Remember that as you try to make sense of the transfer of wealth from us to the banks like Goldman Sachs.
As William D. Cohan says, Of course the taxpayer is subsidizing Goldman Sachs!
Ending the Moral Rot on Wall Street, Part 2: William D. Cohan
By William D. Cohan - Bloomberg
Can it be true that the trillions of dollars we spent bailing out Wall Street only restored the deeply flawed status quo, instead of bringing about the fundamental system overhaul we needed?

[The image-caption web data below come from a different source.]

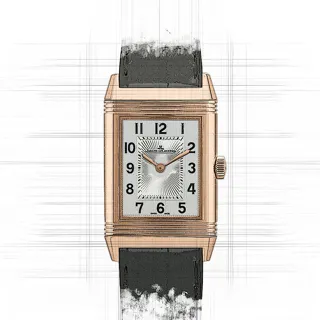 Jaeger-LeCoultre Reverso Classic 2602540 Yellow gold Silber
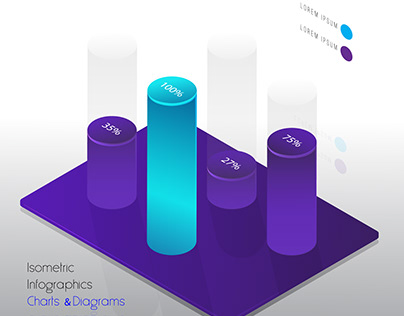 Isometric Infographic Graph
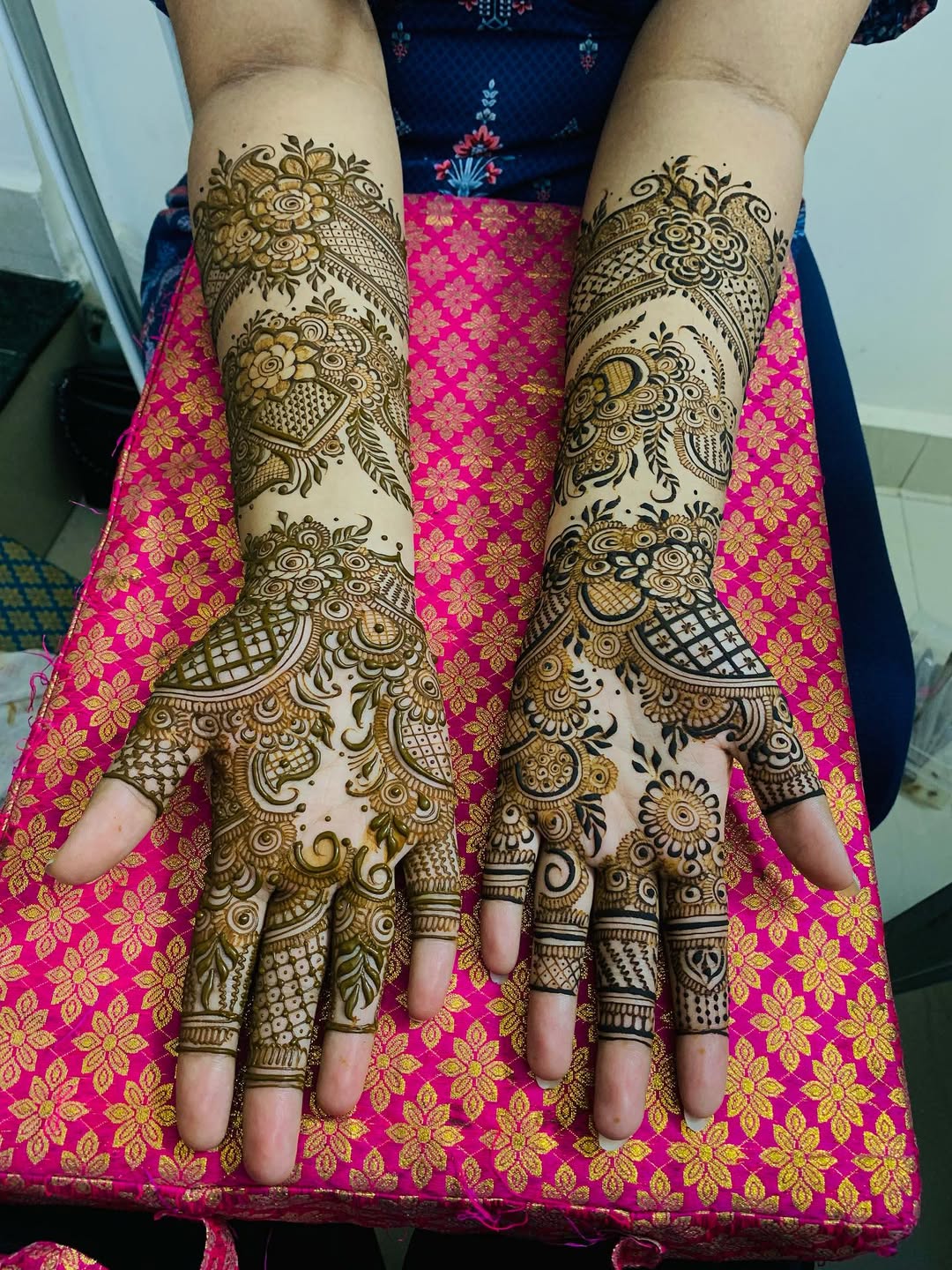 hartalika teej keri mehndi design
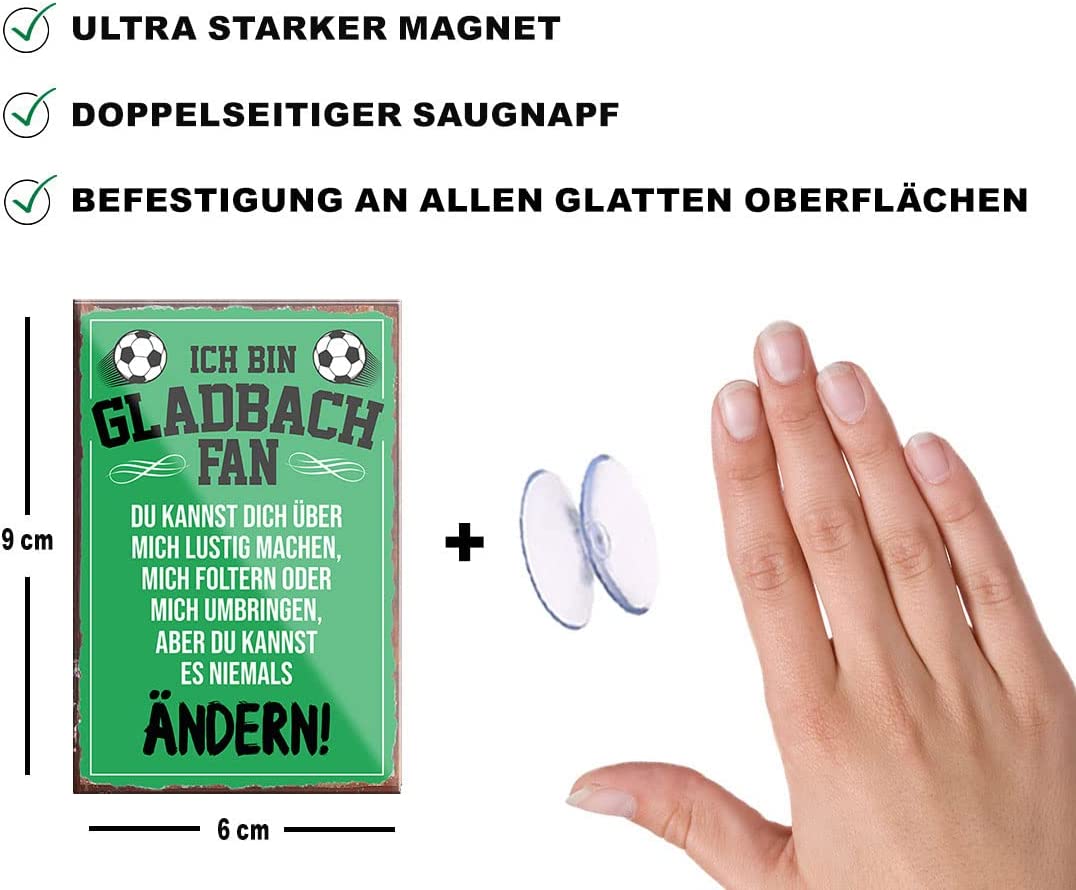 Gladbach-Fan-Magnet9x6cm-Fussball-beschreibung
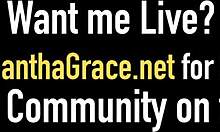 Bondage Babe Samantha Grace Pleasures Her Pink Pussy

One of the unintended consequences of the rescue of the banks in 2008 was to restore many of the most heinous aspects of Wall Street’s culture, thus exponentially increasing the inherent risks in the system. Indeed, while Main Street continues to suffer from high unemployment and plunging home prices, the financial industry is dancing a jig after paying itself about $150 billion in compensation in 2010.
In September and October 2008, as the fear of financial and economic collapse was at its most acute, there was a brief moment when it seemed there was a real chance that Wall Street would be reformed. That didn’t happen.
Since 1970, when financial companies began selling shares to the public, the industry has ensnared the rest of us in repeated crises of its own making. There was the crash of 1987 and the credit freeze that followed, the Asian crisis, the Mexican crisis, the Russian crisis, the collapse of Long-Term Capital Management, the Internet bubble and, most recently, the risky mortgage-related behavior that led to the Great Recession and brought us to the edge of economic devastation. As the past few weeks have shown, we are still suffering its aftershocks.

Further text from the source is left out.